Exercise objective
Count how many lines in the data hold the word "with", and give that number alone.

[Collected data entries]
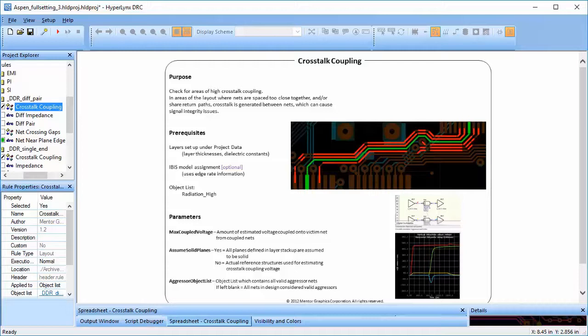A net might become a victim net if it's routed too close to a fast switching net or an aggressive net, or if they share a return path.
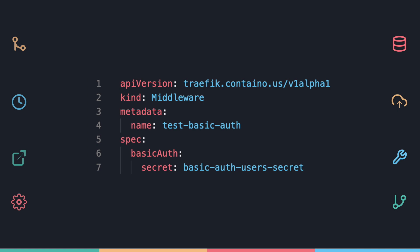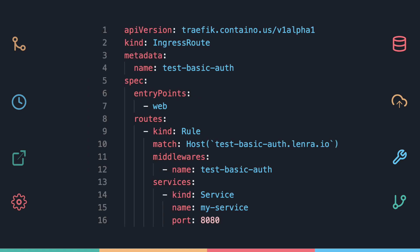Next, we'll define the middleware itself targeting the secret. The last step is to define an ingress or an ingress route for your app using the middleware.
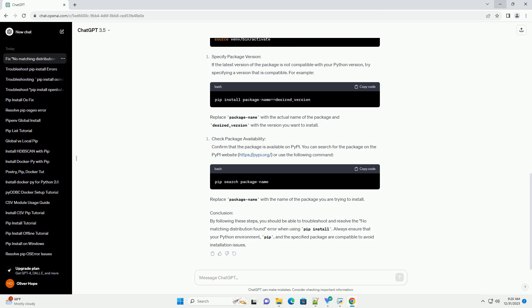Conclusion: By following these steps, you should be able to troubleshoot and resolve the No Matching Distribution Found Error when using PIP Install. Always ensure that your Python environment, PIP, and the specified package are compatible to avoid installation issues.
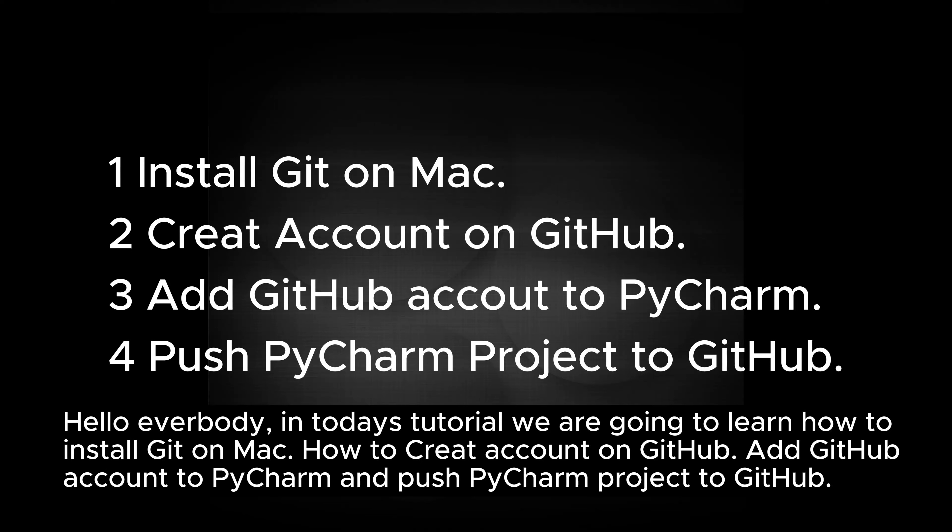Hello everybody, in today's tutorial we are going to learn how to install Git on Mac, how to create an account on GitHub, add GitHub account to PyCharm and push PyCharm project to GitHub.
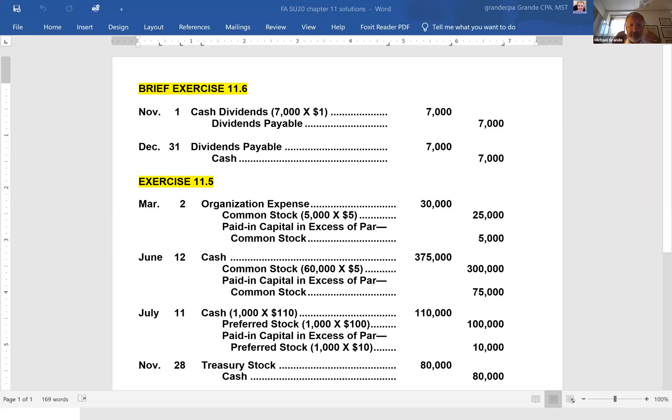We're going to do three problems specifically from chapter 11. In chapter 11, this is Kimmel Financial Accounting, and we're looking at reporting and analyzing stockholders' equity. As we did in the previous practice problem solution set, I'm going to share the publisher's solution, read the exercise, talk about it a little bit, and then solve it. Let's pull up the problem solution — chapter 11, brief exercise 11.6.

==

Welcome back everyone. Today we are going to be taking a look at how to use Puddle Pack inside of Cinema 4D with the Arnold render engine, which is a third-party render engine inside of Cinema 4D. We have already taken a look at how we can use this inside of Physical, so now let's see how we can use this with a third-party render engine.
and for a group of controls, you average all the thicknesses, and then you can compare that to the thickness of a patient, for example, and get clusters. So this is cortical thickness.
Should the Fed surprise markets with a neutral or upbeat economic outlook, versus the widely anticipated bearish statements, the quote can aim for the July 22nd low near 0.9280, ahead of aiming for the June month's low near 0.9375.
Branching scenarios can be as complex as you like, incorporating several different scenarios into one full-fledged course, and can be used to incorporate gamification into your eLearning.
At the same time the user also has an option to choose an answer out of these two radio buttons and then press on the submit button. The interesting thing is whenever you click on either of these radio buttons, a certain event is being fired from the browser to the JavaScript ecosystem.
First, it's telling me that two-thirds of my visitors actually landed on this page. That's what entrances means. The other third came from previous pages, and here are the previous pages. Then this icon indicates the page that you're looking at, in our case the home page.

Task answer
2